Quinoa, Kale, and Corn Salad with Caramelized Pecans

Ingredients

  • 3 cups cooked quinoa
  • 2 medium carrots peeled and diced
  • 1 tablespoon cashew parmesan
  • 1 cup corn cut off the cob
  • 1 teaspoon chili flakes
  • 1 tablespoon maple syrup
  • 4 cups kale roughly chopped
  • Juice of one lemon
  • 2 tablespoons olive oil
  • Salt and pepper
  • 1/2 cup whole pecan nuts
  • 1/2 teaspoon salt flakes
  • 1/4 cup sun-dried apricots chopped

Dressing

  • 2 tablespoons almond butter
  • 1 tablespoon lime juice
  • 1/2 teaspoon cayenne pepper
  • 1/2 teaspoon cumin
  • Pinch salt
  • Water to desired consistency

Preparation

  1. Preheat the oven to 200°C and line a baking tray with parchment paper.

  2. Toss the carrots to coat in 2 teaspoons olive oil, cashew parmesan and season.
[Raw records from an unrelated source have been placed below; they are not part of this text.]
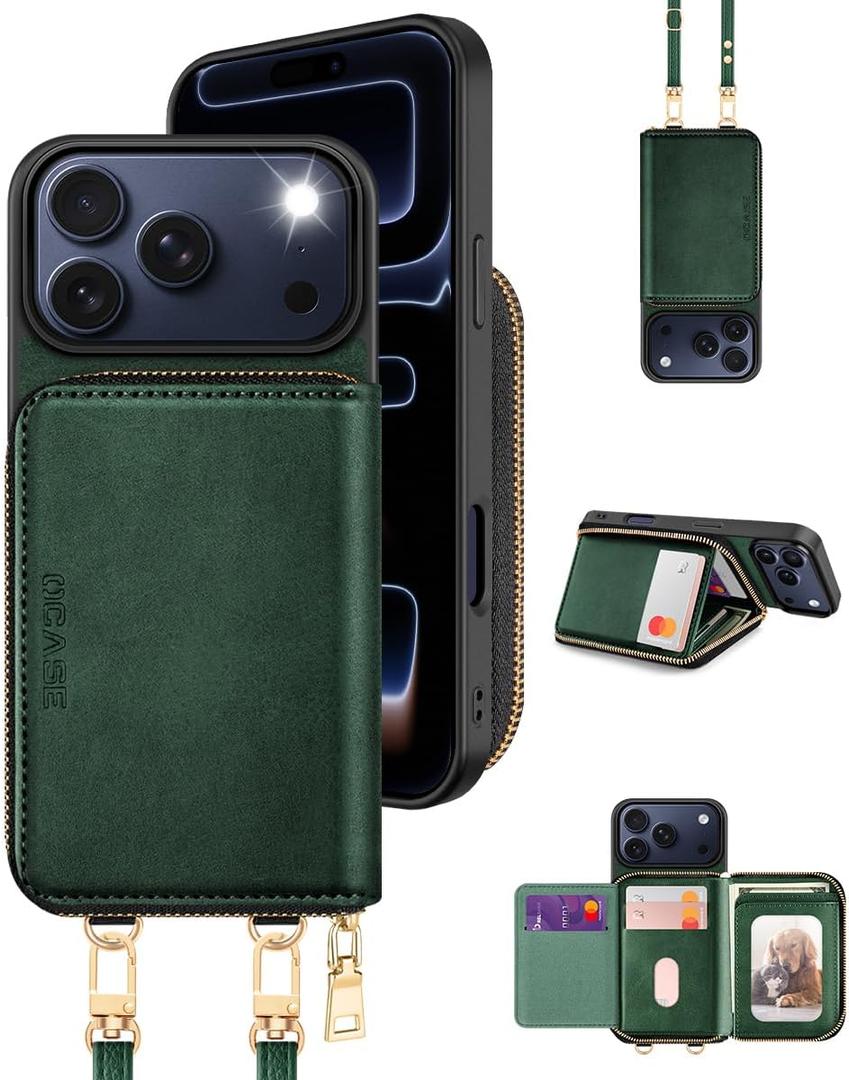 OCASE Compatible with iPhone 17 Pro Max Crossbody Wallet Case with Card Holder, PU Leather Zipper Handbag Phone Purse with RFID Blocking Kickstand Wrist Strap Lanyard 6.9 Inch, Blackish Green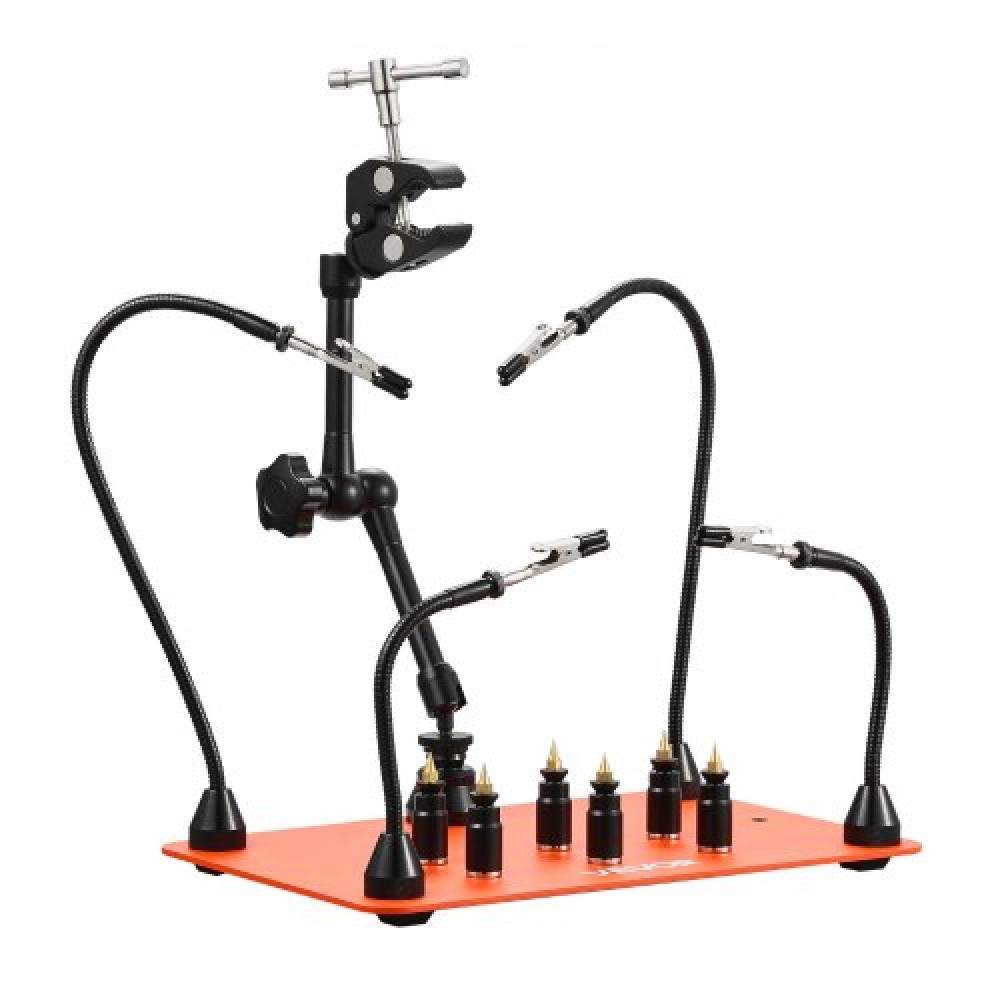 Βοηθητικός σταθμός συγκόλλησης VEVOR Magnetic Hands Helping, 4 Flexible Arms Third Hand Tool, με 6 βάσεις PCB Pillar & 360 Hot Air Gun Holder, Heavy-Duty Base Soldering Helper for Electronic Repair Craft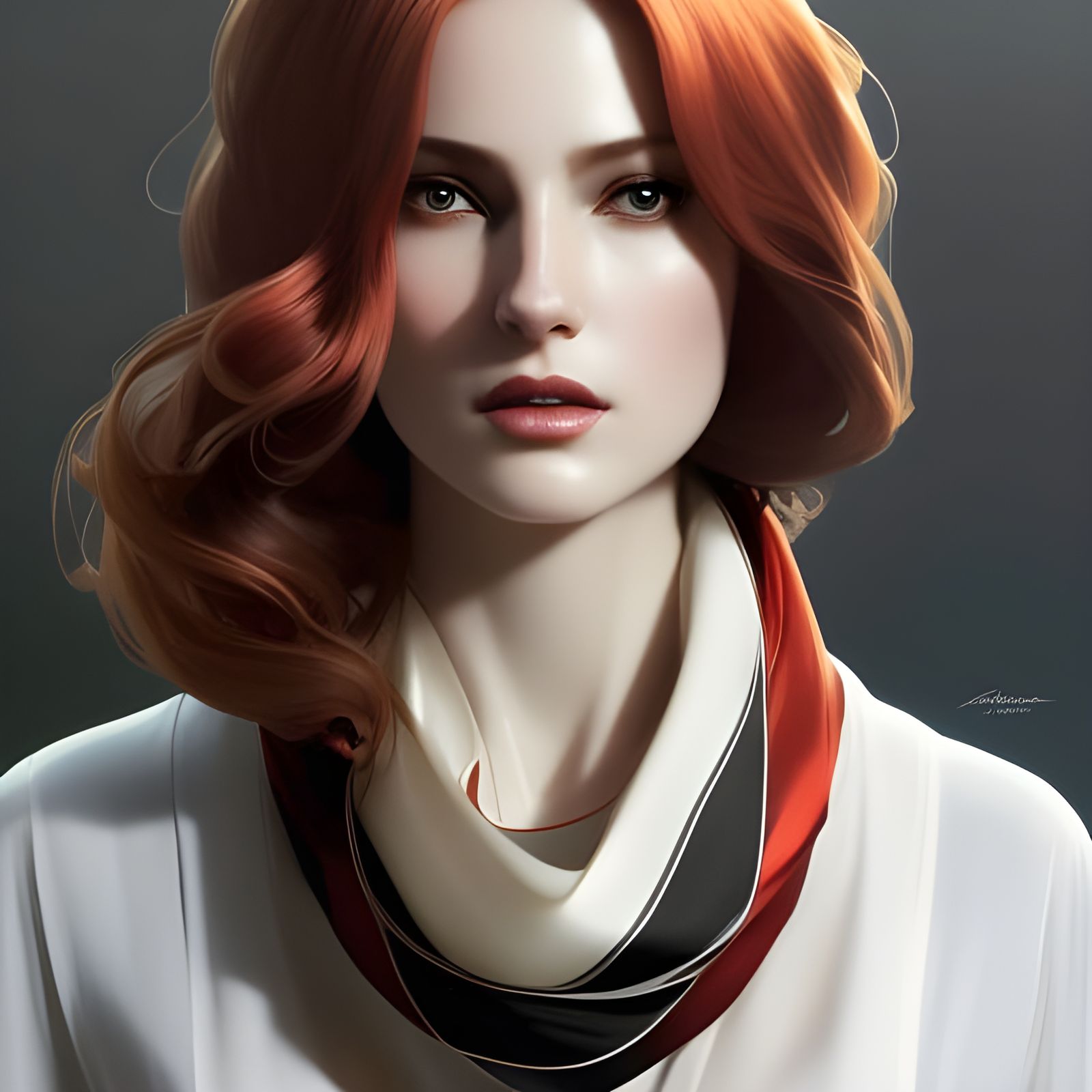 Redhead Portrait with Scarf in Artstation Style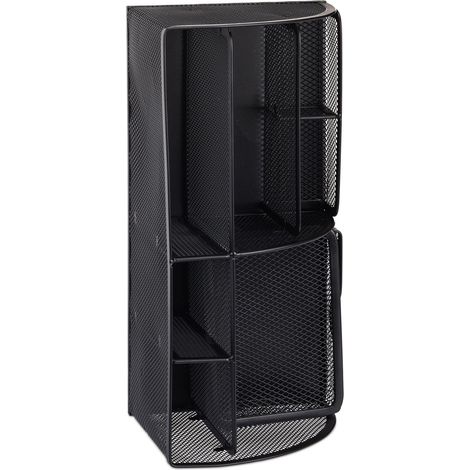 Organizer da scrivania compatto 12,5 x 27,5 x 14 cm con cassettino e porta note in metallo nero 130005346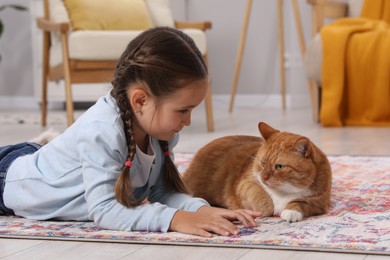 Photo of Little girl and cute ginger cat on carpet at home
  3. Toss the corn in 1 teaspoon olive oil, chili flakes, 1 teaspoon maple syrup and season.

  4. Place the carrots and corn on the baking tray and bake until golden, about 20 minutes. Remove from the oven and set aside.

  5. Toss the kale in a bowl with 1 tablespoon olive oil, juice of one lemon and massage until the kale starts to darken.

  6. Place the kale on the baking tray and bake for 10 minutes until just starting to crisp on the edges. Remove and set aside.

  7. Replace the parchment paper and lay out the pecans on the baking tray.

  8. Drizzle the pecans with the remaining maple syrup and salt flakes.

  9. Place the pecans in the oven for 6 to 10 minutes, being careful not to burn them.

  10. Combine the quinoa, carrots, corn, kale and apricots in a bowl and toss with the almond dressing.

  11. Top with the caramelized pecans and some chili flakes to serve.

Dressing

  1. Blend the almond butter, lime juice, cayenne pepper, cumin, salt and water to desired consistency.

Notes

  1. Kale is nutrient-dense with vitamins A, C, K, minerals and antioxidants. Roasting reduces bitterness and is safe in moderate amounts, though it may affect thyroid function due to goitrins.